ポイント
どうすればクリスチャンとして成長し,エホバに喜ばれる考え方や決定ができるようになるかを考えます。
1. エホバは私たちがどうすることを望んでいますか。
赤ちゃんが生まれると,親はとても幸せな気持ちになります。でもかわいいからといって,ずっと赤ちゃんのままでいてほしいとは思わないはずです。あまり成長していないように思えるなら,とても心配になるでしょう。エホバも同じです。私たちが一歩踏み出してイエスの弟子になる時,エホバはとても喜びます。でもいつまでもクリスチャンとして子供のままでいるのではなく,「大人になって」ほしいと思っています。(コリ一 3:1; 14:20)
2. この記事ではどんな点を考えますか。
2 クリスチャンとして大人になるとはどういうことでしょうか。成長するためにどんなことができるでしょうか。聖書の深い真理を理解することはどのように助けになるでしょうか。自己過信に注意するべきなのはどうしてでしょうか。この記事ではこうした点を考えます。
クリスチャンとして大人になるとはどういうことか
3. クリスチャンとして大人になるとはどういう意味ですか。
3 聖書で「大人になる」と訳されているギリシャ語には「十分に成長した」とか「完全な」という意味もあります。 (コリ一 2:6)赤ちゃんが大人になるまで成長を続けるのと同じように,私たちもクリスチャンとして成長していく必要があります。この成長に終わりはありません。(テモ一 4:15)若い人を含め,全ての人がクリスチャンとして大人になることができます。では,自分が成長しているかどうかはどうすれば分かるでしょうか。
4. 成長したクリスチャンとはどんな人ですか。
4 成長したクリスチャンは,より好みをしたりせず,エホバが求めていることを全てその通りに行います。もちろん,完璧ではないので失敗することもあります。それでも,毎日の生活の中でエホバに喜ばれる考え方や行動ができるようにベストを尽くします。新しい人格を身に着け,エホバと同じような考え方をするように努力を続けます。

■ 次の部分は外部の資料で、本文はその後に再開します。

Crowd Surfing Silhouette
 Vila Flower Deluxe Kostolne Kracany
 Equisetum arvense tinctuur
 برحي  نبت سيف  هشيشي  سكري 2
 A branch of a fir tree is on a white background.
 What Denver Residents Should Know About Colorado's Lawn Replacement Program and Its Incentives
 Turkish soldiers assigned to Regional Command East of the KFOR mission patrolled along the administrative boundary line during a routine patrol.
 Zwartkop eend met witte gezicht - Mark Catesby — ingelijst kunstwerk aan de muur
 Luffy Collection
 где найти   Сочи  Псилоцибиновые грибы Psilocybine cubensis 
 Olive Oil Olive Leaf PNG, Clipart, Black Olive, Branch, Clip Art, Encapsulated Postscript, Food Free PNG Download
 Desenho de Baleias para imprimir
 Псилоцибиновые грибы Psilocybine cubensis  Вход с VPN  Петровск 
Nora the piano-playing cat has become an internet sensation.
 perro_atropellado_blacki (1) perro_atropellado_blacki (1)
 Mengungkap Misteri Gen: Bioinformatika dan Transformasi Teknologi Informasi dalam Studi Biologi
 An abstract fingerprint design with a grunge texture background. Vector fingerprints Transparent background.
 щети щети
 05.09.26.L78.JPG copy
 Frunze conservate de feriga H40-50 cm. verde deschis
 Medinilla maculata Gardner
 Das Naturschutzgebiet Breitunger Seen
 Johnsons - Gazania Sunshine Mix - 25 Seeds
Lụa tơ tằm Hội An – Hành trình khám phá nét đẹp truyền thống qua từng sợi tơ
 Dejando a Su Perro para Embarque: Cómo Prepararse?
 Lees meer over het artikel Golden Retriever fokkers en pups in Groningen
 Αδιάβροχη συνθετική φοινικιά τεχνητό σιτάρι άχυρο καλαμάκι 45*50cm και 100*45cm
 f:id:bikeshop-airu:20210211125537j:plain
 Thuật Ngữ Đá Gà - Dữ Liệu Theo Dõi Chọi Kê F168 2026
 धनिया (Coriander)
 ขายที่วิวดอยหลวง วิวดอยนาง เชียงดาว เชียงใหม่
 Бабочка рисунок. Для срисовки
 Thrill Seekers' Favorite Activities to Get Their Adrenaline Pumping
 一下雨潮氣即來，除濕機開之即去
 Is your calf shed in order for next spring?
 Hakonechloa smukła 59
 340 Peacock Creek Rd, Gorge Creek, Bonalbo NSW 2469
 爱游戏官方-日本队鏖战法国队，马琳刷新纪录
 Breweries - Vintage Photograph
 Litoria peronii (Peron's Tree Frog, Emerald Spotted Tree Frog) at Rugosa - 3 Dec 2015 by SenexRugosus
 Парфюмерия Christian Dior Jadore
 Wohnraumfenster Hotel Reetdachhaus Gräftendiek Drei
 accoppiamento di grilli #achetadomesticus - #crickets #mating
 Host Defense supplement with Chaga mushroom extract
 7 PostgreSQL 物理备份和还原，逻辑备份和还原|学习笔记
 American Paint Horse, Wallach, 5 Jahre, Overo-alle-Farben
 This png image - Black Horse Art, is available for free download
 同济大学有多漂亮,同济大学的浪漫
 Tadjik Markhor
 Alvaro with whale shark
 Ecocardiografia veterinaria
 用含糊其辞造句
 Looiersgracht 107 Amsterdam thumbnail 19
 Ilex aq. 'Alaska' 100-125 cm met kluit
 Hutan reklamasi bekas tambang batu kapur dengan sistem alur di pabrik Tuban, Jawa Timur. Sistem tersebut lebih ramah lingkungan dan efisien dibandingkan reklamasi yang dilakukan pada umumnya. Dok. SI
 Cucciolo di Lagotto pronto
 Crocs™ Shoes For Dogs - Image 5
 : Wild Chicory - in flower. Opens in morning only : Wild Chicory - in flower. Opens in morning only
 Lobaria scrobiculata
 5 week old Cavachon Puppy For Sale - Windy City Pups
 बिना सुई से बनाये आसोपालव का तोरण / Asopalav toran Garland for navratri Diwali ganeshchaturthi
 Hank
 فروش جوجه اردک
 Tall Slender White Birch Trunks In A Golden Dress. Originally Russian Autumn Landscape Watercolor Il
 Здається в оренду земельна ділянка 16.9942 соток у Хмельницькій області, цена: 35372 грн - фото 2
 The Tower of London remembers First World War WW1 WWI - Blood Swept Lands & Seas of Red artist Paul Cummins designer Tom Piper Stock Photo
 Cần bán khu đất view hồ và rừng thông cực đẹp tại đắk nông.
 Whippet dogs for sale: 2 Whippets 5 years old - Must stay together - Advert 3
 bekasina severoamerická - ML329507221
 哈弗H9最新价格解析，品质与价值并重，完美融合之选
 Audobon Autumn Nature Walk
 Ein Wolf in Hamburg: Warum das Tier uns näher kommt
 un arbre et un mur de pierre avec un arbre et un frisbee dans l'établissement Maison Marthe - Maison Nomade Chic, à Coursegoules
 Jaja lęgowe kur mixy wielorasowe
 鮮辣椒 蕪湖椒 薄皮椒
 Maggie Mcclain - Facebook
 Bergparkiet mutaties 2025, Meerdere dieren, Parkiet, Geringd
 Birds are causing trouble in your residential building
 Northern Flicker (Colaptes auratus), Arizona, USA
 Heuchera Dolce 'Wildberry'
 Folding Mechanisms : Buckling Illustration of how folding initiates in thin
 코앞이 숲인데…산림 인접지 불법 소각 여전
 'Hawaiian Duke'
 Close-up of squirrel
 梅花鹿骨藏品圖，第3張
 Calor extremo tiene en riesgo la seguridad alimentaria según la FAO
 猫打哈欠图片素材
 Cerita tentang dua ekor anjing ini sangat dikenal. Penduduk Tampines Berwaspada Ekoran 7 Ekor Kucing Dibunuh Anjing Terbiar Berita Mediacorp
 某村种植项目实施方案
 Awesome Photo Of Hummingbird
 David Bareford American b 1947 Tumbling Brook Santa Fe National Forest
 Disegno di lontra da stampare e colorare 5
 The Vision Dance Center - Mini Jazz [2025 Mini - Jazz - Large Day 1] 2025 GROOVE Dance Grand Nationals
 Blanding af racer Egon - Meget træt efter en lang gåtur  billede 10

(エフェ 4:22-24)エホバの教えや基準を調べ,よく考えて決定するので,何をするにも細かなルールが必要ということはありません。そして一度決めたなら,強い意志を持ってそれに取り組みます。(コリ一 9:26,27)
5. 十分に成長していないクリスチャンにはどんな危険がありますか。(エフェソス 4:14,15)
5 一方,十分に成長していないクリスチャンは容易に「欺かれたり,ずる賢いたくらみに乗せられたり」,陰謀論を広める人や背教者にだまされたりしてしまいます。 (エフェソス 4:14,15を読む。)また,嫉妬したり,争いを起こしたり,すぐに腹を立てたり,誘惑に負けたりしてしまうこともあります。(コリ一 3:3)
6. クリスチャンとして成長することをどんな例えで考えられますか。(写真と挿絵も参照。)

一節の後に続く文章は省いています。